What is locally weighted regression?
Locally weighted regression links.
Examples of locally weighted linear regression.
Educational implementation of locally weighted linear regression.

What is locally weighted regression?

Locally weighted polynomial regression is a form of instance-based (a.k.a. memory-based) algorithm for learning continuous non-linear mappings from real-valued input vectors to real-valued output vectors. It is particularly appropriate for learning complex highly non-linear functions of up to about 30 inputs from noisy data. Both classical and Bayesian linear regression analysis tools can be extended to work in the locally weighted framework, providing confidence intervals on predictions, on gradient estimates and on noise estimates. For a full derivation and in depth discussion of locally weighted regression, see the first paper in the next section of this document.

Locally weighted regression links.

  • C. G. Atkeson, S. A. Schaal and Andrew W, Moore, Locally Weighted Learning, AI Review, to appear, 1997
  • A. W. Moore and J. Schneider and K. Deng, Efficient Locally Weighted Polynomial Regression Predictions, To appear in Proceedings of the 1997 International Machine Learning Conference.
  • Andrew W, Moore, C. G. Atkeson, S. A. Schaal, Locally Weighted Learning For Control, AI Review, to appear,
  • Schaal, S., Vijayakumar, S., Atkeson, C. G. (submitted). Local dimensionality reduction Advances in Neural Information Processing Systems 10.
  • Other Publications by Andrew W. Moore
  • Other Publications by Stefan A. Schaal

    Examples of locally weighted linear regression.
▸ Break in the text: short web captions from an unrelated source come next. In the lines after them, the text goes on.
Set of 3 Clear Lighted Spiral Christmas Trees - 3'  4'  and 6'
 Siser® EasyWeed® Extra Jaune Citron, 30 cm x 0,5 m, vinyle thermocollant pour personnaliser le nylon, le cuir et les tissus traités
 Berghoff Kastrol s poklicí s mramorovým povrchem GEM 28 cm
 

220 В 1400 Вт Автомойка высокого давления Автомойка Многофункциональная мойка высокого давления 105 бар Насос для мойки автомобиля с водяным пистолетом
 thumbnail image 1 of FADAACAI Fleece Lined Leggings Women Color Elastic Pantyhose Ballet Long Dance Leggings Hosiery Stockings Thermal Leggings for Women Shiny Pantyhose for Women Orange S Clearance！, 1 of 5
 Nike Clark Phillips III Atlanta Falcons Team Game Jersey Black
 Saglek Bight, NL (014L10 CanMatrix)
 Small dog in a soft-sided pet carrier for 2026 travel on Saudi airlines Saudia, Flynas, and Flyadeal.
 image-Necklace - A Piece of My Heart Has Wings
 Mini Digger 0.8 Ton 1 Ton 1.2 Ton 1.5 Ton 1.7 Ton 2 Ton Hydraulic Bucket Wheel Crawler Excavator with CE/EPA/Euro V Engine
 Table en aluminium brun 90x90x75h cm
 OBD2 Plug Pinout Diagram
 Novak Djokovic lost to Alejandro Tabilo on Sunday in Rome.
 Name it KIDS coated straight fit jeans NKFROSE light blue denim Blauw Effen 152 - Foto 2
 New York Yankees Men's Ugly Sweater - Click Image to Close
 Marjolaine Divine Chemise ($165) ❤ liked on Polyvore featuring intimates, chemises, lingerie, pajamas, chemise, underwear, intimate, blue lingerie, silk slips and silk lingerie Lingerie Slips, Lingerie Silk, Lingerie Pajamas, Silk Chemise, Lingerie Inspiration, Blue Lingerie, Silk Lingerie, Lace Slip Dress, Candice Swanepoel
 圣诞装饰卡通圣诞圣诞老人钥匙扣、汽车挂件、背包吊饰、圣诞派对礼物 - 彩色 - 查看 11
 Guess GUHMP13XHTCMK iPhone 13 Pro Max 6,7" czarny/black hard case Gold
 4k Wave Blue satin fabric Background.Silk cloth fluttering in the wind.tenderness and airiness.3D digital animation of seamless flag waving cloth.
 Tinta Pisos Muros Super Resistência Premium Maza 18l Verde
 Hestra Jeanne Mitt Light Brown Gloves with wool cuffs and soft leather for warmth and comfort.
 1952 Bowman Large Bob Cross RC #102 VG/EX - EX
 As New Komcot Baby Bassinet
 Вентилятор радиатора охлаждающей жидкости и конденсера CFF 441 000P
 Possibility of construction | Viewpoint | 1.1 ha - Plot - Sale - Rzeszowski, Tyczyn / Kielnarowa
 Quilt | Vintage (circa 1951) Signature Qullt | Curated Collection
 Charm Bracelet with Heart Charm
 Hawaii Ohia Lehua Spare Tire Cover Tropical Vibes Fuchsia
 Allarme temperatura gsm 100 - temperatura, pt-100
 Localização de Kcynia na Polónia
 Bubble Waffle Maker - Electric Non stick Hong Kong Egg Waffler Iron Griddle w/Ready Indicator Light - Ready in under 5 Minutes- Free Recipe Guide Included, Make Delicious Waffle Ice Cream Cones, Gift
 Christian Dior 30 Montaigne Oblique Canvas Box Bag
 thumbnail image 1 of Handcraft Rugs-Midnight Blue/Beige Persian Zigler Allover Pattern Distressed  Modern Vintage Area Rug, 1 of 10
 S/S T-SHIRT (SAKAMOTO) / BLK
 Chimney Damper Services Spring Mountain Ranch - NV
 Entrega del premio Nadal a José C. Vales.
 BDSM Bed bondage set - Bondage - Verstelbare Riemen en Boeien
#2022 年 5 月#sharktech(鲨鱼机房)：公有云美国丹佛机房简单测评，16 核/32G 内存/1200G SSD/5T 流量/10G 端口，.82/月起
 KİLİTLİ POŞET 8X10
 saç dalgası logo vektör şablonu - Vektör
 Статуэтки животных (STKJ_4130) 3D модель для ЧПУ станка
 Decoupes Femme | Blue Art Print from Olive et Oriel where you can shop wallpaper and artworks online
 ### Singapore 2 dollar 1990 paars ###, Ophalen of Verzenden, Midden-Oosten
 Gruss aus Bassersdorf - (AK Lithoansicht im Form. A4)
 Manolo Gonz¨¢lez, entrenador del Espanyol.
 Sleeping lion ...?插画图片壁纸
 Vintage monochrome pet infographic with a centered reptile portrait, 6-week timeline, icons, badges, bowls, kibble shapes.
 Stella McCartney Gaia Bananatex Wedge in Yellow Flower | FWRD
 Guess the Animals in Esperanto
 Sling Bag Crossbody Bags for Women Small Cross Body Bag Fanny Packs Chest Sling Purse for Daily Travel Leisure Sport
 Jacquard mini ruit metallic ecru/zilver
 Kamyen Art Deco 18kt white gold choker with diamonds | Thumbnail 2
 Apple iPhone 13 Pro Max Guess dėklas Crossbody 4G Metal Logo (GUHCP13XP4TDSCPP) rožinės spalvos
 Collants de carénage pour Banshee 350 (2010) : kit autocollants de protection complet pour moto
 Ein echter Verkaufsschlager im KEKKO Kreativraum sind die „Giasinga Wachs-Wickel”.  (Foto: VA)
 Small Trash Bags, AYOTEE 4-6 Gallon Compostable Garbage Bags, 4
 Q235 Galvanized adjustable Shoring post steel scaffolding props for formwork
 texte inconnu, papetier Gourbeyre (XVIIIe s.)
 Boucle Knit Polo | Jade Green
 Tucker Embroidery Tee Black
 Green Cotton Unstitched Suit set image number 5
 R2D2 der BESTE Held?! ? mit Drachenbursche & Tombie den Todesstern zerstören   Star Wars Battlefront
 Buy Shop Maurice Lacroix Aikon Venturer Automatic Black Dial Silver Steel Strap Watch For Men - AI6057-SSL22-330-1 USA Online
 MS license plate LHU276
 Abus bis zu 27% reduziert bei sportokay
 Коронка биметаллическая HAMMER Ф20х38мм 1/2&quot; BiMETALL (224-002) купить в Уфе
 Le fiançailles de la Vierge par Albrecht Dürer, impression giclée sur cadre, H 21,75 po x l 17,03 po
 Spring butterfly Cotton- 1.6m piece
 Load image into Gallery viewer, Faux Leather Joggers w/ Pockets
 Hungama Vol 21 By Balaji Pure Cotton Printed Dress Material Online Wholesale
    The following graphs show two examples of locally weighted linear regression. In these graphs, the blue circles show the training points, the red line shows the true function, and the dashed black line shows the regressed function. The code and datasets used to generate the points for these graphs are given in the next section of this document.

    The first example is the sum of two gaussians. Specifically, y = exp(-x^2) + 0.7*exp(-0.3*(x-2)^2). In the first graph, the kernel width equals 0.15 and gives an excellent fit to the training points. In the second graph, the kernel width equals 0.8 and still gives a pretty good fit to the training points, but loses some of the details of the function.

    The next example is a noisy sin curve: y = sin(2*PI*x) + noise, where noise is a guassian random variable with mean 0 and standard deviation 0.2. In the first graph, the kernel width equals 0.1 and gives a very nice fit the the training points. In the second graph, the kernel width equals 0.03 and is overfitting the data.

    Educational implementation of locally weighted linear regression.

    lwpr.c is an unsophisticated, stand-alone implementation of locally weighted linear regression. It can be compiled with the following command: gcc lwpr.c -lm -o lwpr. To run the program, execute the command:

         lwpr <datafile> <testfile> <kwidth>
    
    where datafile contains the training set, testfile contains the test set, and kwidth is the kernel width. Each row of the datafile should contain exactly the number of input dimensions + 1 numbers, separated by spaces. The testfile should have the same format. It is important not to place any blank lines at the beginning of the files, or any stray characters throughout the files.

    The program will use points in the datafile to predict the output for each point in the testfile and print the predicted and actual outputs. It will also print the root mean square error of the predicted outputs. The training and test sets used in the examples above are gauss.train, gauss.test , sin.train, and sin.test.

    lwpr.c can be easily modified to implement higher order polynomials (or any other set of basis functions, for that matter). Because the code does not scale the input variables, the proper kernel width may be several orders of magnitude larger or smaller than the ones shown in the examples above. If you find that many of the predicted outputs are near 0 when they should not be, this generally indicates that the kernel width is far too small.